--- Data section ---
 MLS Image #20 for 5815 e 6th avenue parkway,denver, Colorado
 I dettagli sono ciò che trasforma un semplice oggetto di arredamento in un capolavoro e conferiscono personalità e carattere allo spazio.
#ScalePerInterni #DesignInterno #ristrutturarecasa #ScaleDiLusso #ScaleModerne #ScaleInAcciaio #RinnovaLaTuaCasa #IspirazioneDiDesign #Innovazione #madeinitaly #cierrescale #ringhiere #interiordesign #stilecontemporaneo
---
▸ **What this task involves**:
Exact copies of the lines from the start of the data up to the line holding "I dettagli sono", both included, are all that is needed.

▸ **Response to the exercise**:
 MLS Image #20 for 5815 e 6th avenue parkway,denver, Colorado
 I dettagli sono ciò che trasforma un semplice oggetto di arredamento in un capolavoro e conferiscono personalità e carattere allo spazio.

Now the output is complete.